The program allows people to remain in the U.S. without the threat of deportation.
That means an additional 472,000 Venezuelan nationals will be able to continue to live and work in the United States. 242,700 Venezuelans are already TPS beneficiaries.
According to the Pew Research Center, Florida has the largest community of Venezuelan born residents, with 47 percent of the total Venezuelan population of the U.S. living in the state.
The Florida Immigrant Coalition in a statement said, “This decision recognizes the dire and ongoing humanitarian, security, political, and environmental conditions that have afflicted Venezuela, making it unsafe for its nationals to return.”
The Coalition is calling on the administration to open up TPS to people from Nicaragua, Honduras, El Salvador, and Guatemala who have faced similar humanitarian crises.
In the same statement they said, "It is crucial to highlight that this decision would not only be the right humanitarian gesture but also an acknowledgment of the valuable contributions that TPS holders make to this country."
"Many of these individuals have been living and working in the United States for years, contributing to their communities, and helping in the advancement of the U.S. economy.
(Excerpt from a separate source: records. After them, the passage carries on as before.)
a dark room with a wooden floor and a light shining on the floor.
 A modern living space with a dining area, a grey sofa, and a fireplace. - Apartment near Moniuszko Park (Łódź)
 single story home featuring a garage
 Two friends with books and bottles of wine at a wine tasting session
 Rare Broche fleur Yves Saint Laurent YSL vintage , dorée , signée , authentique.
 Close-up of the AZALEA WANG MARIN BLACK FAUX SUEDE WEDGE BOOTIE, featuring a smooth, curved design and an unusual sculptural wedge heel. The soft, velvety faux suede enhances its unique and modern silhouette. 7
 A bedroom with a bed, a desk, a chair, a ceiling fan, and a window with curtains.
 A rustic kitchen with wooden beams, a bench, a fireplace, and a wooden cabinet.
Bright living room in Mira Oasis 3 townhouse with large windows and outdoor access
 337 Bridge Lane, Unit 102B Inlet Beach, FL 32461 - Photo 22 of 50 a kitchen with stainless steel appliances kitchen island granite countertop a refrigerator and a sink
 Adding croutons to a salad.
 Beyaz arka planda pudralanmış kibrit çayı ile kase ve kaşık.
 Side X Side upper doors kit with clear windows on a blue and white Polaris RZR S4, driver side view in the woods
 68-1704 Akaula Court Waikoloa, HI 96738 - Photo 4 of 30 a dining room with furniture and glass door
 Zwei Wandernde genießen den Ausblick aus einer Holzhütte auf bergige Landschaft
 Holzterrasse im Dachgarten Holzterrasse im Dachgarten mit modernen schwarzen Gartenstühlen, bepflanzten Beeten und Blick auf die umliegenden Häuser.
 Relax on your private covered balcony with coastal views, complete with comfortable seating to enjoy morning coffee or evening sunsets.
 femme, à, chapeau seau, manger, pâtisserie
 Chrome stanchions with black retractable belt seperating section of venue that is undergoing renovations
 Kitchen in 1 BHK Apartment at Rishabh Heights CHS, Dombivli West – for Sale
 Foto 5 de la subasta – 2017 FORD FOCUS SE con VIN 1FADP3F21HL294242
They are essential workers, nurturing their families here and thriving despite the challenging circumstances they have faced," said the Coalition.
A few weeks ago the Biden administration also expanded the TPS program for nationals from El Salvador, Honduras, Nepal, Nicaragua, Sudan and Ukraine.
The list of countries with active TPS status include: Afghanistan, Cameroon, El Salvador, Ethiopia, Haiti, Honduras, Myanmar, Nepal, Nicaragua, Syria, Somalia, South Sudan, Sudan, Ukraine, Venezuela and Yemen.